Autrement dit ; nous sommes le produit de plusieurs décennies de luttes populaires, de travailleurs et même étudiantes et d’expériences de construction d’organisations politiques révolutionnaires distinctes mais qui ont débouché sur ce qui a pris le nom de Processus Bolivarien et qui a été indiscutablement dirigé par Chávez, et nous ne renonçons pas à faire partie de l’expérience de ce peuple. Au-delà des différences politiques, nous n’avons jamais cessé les critiques, les propositions alternatives et les débats avec le sommet du processus. Par exemple, en tant que courant interne du PSUV, nous éditons notre propre journal, même si le parti n’a pas d’organe officiel pour le moment. Nous ne cessons donc jamais de nous mettre en accord avec nos propres idées et débats, avec notre vision de la réalité et du socialisme pour lequel nous devons lutter, en interaction et en interpellant, comme vous dites, l’ensemble du peuple bolivarien, du moins jusque là où nos forces nous le permettent, mais aussi en apprenant nous-mêmes dans un rapport d’aller et retour avec ce peuple et son secteur le plus actif, radical et rebelle.

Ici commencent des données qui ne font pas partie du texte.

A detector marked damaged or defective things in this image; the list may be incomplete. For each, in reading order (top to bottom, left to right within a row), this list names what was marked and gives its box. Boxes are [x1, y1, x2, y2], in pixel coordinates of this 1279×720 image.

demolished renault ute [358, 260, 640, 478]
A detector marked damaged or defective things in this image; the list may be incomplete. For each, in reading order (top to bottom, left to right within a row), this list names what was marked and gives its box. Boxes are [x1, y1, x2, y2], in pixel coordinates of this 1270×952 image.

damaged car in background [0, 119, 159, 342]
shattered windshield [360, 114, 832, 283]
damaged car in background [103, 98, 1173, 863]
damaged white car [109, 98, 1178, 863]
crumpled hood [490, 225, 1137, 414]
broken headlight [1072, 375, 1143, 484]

Ceux qui ont un problème pour dialoguer avec ce peuple sont ceux qui se sont positionné en rupture radicale, non seulement avec le parti de Chávez, ce qui aurait pu être légitime, mais aussi, et ceci est grave, avec l’ensemble du processus. Ils ont perdu toute possibilité d’interpeller, de dialoguer, d’influencer et d’organiser à un secteur important de combattants sociaux (et ils sont des dizaines de milliers) qui ont appris à croire dans la lutte pour le socialisme. Un socialisme encore en construction dans leurs têtes, c’est vrai. Mais un socialisme dont ils comprennent l’essence, c’est-à-dire qu’il est en première instance une lutte contre l’impérialisme, les capitalistes et la logique du capital, auxquels ils ajoutent lentement la lutte contra la bureaucratie de l’Etat.

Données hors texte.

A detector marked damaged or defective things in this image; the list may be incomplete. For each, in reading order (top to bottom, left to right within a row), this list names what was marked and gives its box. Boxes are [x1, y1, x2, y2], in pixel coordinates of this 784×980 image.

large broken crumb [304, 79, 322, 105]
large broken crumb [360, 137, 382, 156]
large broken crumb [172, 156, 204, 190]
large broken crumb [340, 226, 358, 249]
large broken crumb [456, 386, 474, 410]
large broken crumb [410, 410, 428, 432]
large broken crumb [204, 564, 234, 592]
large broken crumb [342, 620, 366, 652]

C’est cette attitude, cette identité, cette conscience d’appartenir au processus qui a permis a Marea Socialista de progresser sur le terrain organisationnel et politique. Nous existons aujourd’hui au niveau national, nous sommes passés d’un courant de dirigeants syndicaux à un courant politique qui a connu une croissance par rapport à son secteur syndical et qui a également intégré des secteurs communautaires et des secteurs de la jeunesse qui étudie. Et en même temps, nos propositions ont gagné en respect et en influence, outre qu’elles se sont améliorées, c’est-à-dire en se faisant plus « réelles » grâce à cette relation de dialogue, d’aller et retour que j’ai déjà signalé. Et cela se passe dans le mouvement de masse comme dans les secteurs professionnels, d’intellectuels engagés et critiques, etc. On peut dire aujourd’hui que d’un point de vue politique Marea Socialista s’est faite une personnalité et que d’un point de vue organisationnel nous nous sommes consolidés en tant que courant, nous avons grandi en nombre et sommes plus forts aussi dans la construction et la formation de nos cadres. Tout cela, bien entendu, en termes relatifs.

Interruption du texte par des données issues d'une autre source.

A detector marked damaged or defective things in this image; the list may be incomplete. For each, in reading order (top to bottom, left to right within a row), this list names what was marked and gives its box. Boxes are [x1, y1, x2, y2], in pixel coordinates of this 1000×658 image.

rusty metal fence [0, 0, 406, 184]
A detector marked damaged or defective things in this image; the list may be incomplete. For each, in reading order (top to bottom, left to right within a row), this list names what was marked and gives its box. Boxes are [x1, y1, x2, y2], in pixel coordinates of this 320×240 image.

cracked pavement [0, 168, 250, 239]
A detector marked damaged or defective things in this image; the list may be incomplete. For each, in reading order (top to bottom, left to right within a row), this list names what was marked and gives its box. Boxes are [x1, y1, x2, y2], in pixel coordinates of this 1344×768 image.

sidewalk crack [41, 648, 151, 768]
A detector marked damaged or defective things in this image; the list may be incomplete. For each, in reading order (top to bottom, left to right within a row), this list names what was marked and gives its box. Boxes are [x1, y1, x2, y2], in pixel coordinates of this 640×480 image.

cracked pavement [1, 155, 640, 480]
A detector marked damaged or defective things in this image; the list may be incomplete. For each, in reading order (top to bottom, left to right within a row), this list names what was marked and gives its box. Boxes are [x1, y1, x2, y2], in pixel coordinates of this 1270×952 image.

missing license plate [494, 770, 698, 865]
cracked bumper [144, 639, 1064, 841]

Par contre, les secteurs de gauche qui ont rompu avec le processus, ou ceux qui ne l’ont jamais compris, sont vus politiquement comme faisant partie de l’opposition de droite. Ou, dans le meilleur des cas, ils ne sont pas pris en compte. Par exemple, la candidature présidentielle de gauche alternative à Chávez qui s’est présentée en octobre 2012 a obtenu 0,02% des votes. Elle ne s’est pas représentée aux présidentielles d’avril 2013. Et au sein du mouvement ouvrier, où il y a certains dirigeants syndicaux qui appartiennent à ce secteur et qui sont reconnus, ils agissent seulement syndicalement et libèrent leurs représentants pour qu’ils prennent leurs propres décisions politiques. Pour survivre, ils sont englués dans une déviation syndicaliste, en offrant le paradoxe d’être sectaires par rapport au processus et opportunistes par rapport à leur pratique de lutte. Espérons qu’ils réfléchissent et changent.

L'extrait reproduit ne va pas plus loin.